Catherine hizo una pausa.

—El artículo no se equivocó. Después de Savannah me tomé un tiempo para… —Se aclaró la garganta—. No me uní al equipo del doctor Falco hasta junio pasado.

—¿Y qué hay de su primer año en Boston?

—No trabajé.

—¿Qué hizo?

—Nada. —Esa única maldita respuesta, tan directa y terminante, era todo lo que pensaba decirles. No iba a revelar la humillante verdad de lo que había sido ese primer año. Los días, alargados en semanas, en los que tenía miedo de salir de su apartamento. Las noches en que el sonido más apagado podía dejarla temblando de pánico.
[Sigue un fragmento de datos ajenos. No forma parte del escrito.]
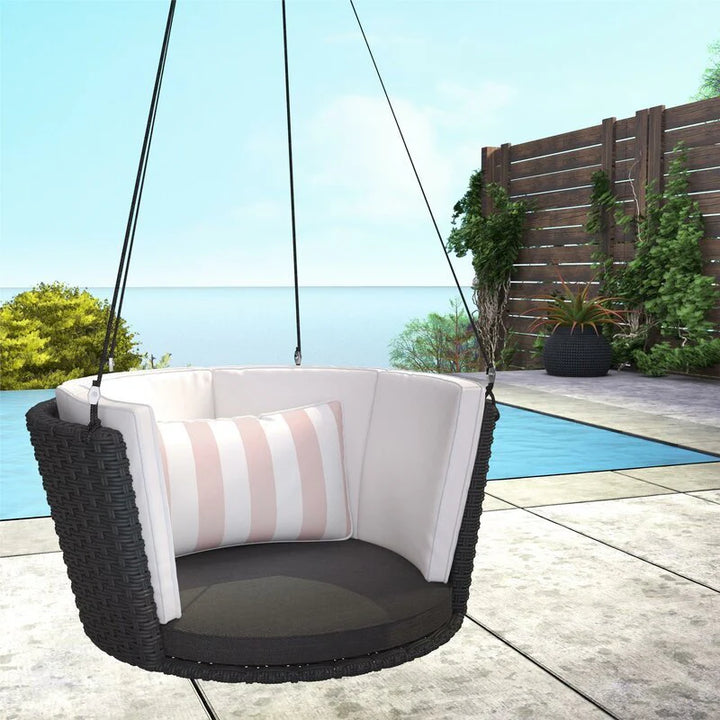 Virasat Leone Single Seater Hanging Swing Without Stand For Balcony , Garden Swing (Black)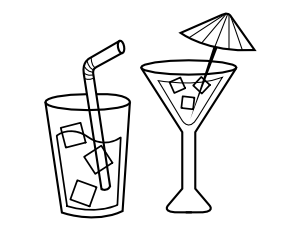Summer Drinks Coloring Page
El lento y doloroso trayecto de vuelta al mundo, cuando tan sólo subir a un ascensor o caminar en la noche hasta su auto eran actos de absoluta valentía. Se había sentido avergonzada de su vulnerabilidad; todavía lo estaba, y su orgullo nunca le permitiría revelarlo.

Miró su reloj.

—Los pacientes me esperan. En realidad, no tengo nada que agregar.
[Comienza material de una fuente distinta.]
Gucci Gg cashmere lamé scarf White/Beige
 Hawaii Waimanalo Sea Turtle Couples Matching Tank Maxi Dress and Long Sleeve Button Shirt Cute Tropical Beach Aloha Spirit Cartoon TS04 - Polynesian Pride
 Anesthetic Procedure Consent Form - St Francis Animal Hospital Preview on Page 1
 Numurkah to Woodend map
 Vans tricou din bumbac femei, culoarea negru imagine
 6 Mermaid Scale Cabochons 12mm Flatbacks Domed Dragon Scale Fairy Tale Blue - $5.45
—Déjeme repasar los hechos. —Rizzoli abrió un pequeño cuaderno de espiral—. Hace poco más de dos años, en la noche del 15 de junio, usted fue atacada en su domicilio por el doctor Andrew Capra. Un hombre que conocía. Un residente con el que usted trabajaba en el hospital. —Levantó la vista hacia Catherine.

—Usted ya conoce la respuesta.

—La drogó, la desnudó. La ató a su cama. La aterrorizó.

—No veo el sentido de…

—La violó. —Las palabras, aunque pronunciadas con suavidad, tuvieron el impacto brutal de una cachetada.

Catherine no dijo nada.

—Y eso no es todo lo que planeaba hacer —continuó Rizzoli.
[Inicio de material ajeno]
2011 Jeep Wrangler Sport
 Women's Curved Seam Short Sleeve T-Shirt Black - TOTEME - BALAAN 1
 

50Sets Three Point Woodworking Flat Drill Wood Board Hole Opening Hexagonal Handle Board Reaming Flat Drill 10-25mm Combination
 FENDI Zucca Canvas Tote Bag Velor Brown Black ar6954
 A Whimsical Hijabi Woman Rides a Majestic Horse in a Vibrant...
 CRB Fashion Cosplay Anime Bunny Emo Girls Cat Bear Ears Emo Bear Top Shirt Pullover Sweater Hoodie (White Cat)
«Dios santo, haz que se detenga».

—Iba a mutilarla de la peor manera posible. Tal como mutiló a otras cuatro mujeres de Georgia. Las abrió. Destruyó precisamente lo que las hacía mujeres.

—Es suficiente —dijo Moore.

Pero Rizzoli era implacable.

—Podría haberle sucedido a usted, doctora Cordell.

Catherine sacudió la cabeza.

—¿Por qué hace esto?

—Doctora Cordell, no hay nada que desee más que atrapar a ese hombre, y se me ocurrió que podría ayudarnos. Que querría evitar que sucediera lo mismo con otras mujeres.

—¡Esto no tiene nada que ver conmigo! Andrew Capra está muerto. Está muerto desde hace dos años.

—Sí. Leí el informe de su autopsia.

—Bien, yo puedo garantizarle que está muerto —respondió Catherine—. Porque fui yo la que maté a tiros a ese hijo de puta.